9.4 Real-World Patterns and Applications
Structured concurrency enables elegant solutions to complex concurrency problems. These patterns demonstrate how to apply structured concurrency in production scenarios.
Pattern 1: Multi-Source Data Aggregation
Problem: Fetch data from multiple services, combine results, handle failures gracefully.

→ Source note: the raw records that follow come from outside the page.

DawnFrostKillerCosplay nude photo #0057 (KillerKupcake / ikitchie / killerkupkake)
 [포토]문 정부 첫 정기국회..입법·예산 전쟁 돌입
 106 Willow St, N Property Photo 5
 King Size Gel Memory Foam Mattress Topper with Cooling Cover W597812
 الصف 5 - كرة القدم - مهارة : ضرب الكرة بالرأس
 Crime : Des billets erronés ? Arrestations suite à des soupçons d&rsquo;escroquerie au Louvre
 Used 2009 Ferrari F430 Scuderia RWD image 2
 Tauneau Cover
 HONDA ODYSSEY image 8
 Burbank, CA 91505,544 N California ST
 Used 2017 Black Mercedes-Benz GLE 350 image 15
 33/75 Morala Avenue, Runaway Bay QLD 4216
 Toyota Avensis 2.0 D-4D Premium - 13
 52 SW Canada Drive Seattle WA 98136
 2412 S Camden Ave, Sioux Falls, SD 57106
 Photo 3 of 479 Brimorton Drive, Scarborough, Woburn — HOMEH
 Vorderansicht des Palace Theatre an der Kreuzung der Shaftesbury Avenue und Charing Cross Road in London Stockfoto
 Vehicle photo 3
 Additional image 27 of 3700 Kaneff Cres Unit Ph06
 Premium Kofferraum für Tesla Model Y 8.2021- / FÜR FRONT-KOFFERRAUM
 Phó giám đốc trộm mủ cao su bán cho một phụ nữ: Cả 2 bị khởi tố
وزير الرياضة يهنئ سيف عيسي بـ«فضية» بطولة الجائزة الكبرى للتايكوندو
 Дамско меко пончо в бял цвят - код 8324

public class DataAggregationService {
private final UserService userService;
private final OrderService orderService;
private final RecommendationService recommendationService;
private final AnalyticsService analyticsService;
public record UserProfile(
User user,
List<Order> recentOrders,
List<String> recommendations,
UserAnalytics analytics
) {}
// Parallel aggregation with required vs optional data
public UserProfile getUserProfile(String userId) throws Exception {
try (var scope = new StructuredTaskScope.ShutdownOnFailure()) {
// Critical data - must succeed
var userTask = scope.fork(() ->
userService.getUser(userId)
);
var ordersTask = scope.fork(() ->
orderService.getRecentOrders(userId, 10)
);
scope.join();
scope.throwIfFailed();
User user = userTask.resultNow();
List<Order> orders = ordersTask.resultNow();
// Optional data - use fallback on failure
List<String> recommendations = getOptionalRecommendations(userId);
UserAnalytics analytics = getOptionalAnalytics(userId);
return new UserProfile(user, orders, recommendations, analytics);
} catch (Exception e) {
logger.error("Failed to build user profile for {}", userId, e);
throw e;
}
}
private List<String> getOptionalRecommendations(String userId) {
try (var scope = new StructuredTaskScope.ShutdownOnFailure()) {
var task = scope.fork(() ->
recommendationService.getRecommendations(userId)
);
// Short timeout for optional data
Thread watchdog = new Thread(() -> {
try {
Thread.sleep(1000); // 1 second max for recommendations
scope.shutdown();
} catch (InterruptedException e) {
// Completed
}
});
watchdog.setDaemon(true);
watchdog.start();
scope.join();
if (task.hasException() || !task.isDone()) {
return Collections.emptyList(); // Fallback to empty
}
return task.resultNow();
} catch (Exception e) {
logger.warn("Could not fetch recommendations", e);
return Collections.emptyList();
}
}
private UserAnalytics getOptionalAnalytics(String userId) {
try (var scope = new StructuredTaskScope.ShutdownOnFailure()) {
var task = scope.fork(() ->
analyticsService.getUserAnalytics(userId)
);
scope.join();
return task.hasException() ? UserAnalytics.empty() : task.resultNow();
} catch (Exception e) {
return UserAnalytics.empty();
}
}
// Supporting classes
record User(String id, String name, String email) {}
record Order(String id, LocalDateTime createdAt, BigDecimal total) {}
record UserAnalytics(int totalOrders, BigDecimal totalSpent, LocalDate lastOrderDate) {
static UserAnalytics empty() {
return new UserAnalytics(0, BigDecimal.ZERO, null);
}
}
interface UserService {
User getUser(String userId) throws Exception;
}
interface OrderService {
List<Order> getRecentOrders(String userId, int limit) throws Exception;
}
interface RecommendationService {
List<String> getRecommendations(String userId) throws Exception;
}
interface AnalyticsService {
UserAnalytics getUserAnalytics(String userId) throws Exception;
}
}
Pattern 2: Load Balancing with Failover
Problem: Distribute requests across multiple backends, failover on error, use fastest responder.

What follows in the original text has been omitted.